WHAT IS BEING ASKED –
From the first line onward, reproduce the records exactly; the final line to include is the one holding "Guess Izzy Double Pouch Crossbody - Steel Guess".

Source records
++++++++++++++++++++

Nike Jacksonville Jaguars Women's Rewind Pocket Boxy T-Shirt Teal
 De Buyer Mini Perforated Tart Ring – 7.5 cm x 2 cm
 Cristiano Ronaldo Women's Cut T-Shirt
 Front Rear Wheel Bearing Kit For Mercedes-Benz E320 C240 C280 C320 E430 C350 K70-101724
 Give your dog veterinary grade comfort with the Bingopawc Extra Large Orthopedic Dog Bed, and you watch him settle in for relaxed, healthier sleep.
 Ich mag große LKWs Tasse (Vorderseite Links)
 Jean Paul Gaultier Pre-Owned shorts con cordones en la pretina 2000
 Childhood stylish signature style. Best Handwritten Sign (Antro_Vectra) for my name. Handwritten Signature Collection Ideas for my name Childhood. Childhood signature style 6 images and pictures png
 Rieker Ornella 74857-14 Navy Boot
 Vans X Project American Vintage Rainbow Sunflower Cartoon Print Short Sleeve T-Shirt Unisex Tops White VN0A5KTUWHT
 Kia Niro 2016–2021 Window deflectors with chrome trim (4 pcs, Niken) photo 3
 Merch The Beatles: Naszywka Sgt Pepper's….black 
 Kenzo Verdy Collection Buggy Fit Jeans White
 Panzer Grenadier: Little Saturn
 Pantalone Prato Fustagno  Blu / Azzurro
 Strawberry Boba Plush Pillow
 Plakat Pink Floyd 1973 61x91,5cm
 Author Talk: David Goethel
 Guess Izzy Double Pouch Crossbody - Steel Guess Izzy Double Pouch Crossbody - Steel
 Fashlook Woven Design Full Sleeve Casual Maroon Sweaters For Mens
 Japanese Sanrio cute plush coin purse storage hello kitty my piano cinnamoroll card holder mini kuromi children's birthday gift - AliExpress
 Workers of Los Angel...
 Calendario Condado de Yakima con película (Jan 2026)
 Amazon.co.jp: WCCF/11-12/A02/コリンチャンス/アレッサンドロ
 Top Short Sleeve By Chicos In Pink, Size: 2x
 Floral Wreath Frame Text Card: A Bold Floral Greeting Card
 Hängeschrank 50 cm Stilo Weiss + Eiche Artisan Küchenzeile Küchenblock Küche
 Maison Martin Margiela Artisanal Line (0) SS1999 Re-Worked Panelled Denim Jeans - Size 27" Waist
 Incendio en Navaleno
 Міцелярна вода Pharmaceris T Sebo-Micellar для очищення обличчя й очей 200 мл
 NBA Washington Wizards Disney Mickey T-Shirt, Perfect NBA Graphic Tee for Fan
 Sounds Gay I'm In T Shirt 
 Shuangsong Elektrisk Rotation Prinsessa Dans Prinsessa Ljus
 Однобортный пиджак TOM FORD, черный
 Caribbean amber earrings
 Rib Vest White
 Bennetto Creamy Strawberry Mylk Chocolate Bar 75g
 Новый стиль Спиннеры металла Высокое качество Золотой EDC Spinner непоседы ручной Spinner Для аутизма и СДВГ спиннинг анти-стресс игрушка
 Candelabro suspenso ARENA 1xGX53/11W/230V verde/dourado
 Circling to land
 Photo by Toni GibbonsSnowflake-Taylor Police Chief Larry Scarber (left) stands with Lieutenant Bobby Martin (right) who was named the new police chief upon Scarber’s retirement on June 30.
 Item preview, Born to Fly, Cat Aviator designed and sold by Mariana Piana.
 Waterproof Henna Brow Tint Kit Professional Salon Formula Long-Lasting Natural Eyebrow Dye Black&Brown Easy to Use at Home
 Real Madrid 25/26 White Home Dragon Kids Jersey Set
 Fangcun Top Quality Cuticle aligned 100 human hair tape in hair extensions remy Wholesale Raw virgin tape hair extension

++++++++++++++++++++

SOLUTION TO THIS EXERCISE –
Nike Jacksonville Jaguars Women's Rewind Pocket Boxy T-Shirt Teal
 De Buyer Mini Perforated Tart Ring – 7.5 cm x 2 cm
 Cristiano Ronaldo Women's Cut T-Shirt
 Front Rear Wheel Bearing Kit For Mercedes-Benz E320 C240 C280 C320 E430 C350 K70-101724
 Give your dog veterinary grade comfort with the Bingopawc Extra Large Orthopedic Dog Bed, and you watch him settle in for relaxed, healthier sleep.
 Ich mag große LKWs Tasse (Vorderseite Links)
 Jean Paul Gaultier Pre-Owned shorts con cordones en la pretina 2000
 Childhood stylish signature style. Best Handwritten Sign (Antro_Vectra) for my name. Handwritten Signature Collection Ideas for my name Childhood. Childhood signature style 6 images and pictures png
 Rieker Ornella 74857-14 Navy Boot
 Vans X Project American Vintage Rainbow Sunflower Cartoon Print Short Sleeve T-Shirt Unisex Tops White VN0A5KTUWHT
 Kia Niro 2016–2021 Window deflectors with chrome trim (4 pcs, Niken) photo 3
 Merch The Beatles: Naszywka Sgt Pepper's….black 
 Kenzo Verdy Collection Buggy Fit Jeans White
 Panzer Grenadier: Little Saturn
 Pantalone Prato Fustagno  Blu / Azzurro
 Strawberry Boba Plush Pillow
 Plakat Pink Floyd 1973 61x91,5cm
 Author Talk: David Goethel
 Guess Izzy Double Pouch Crossbody - Steel Guess Izzy Double Pouch Crossbody - Steel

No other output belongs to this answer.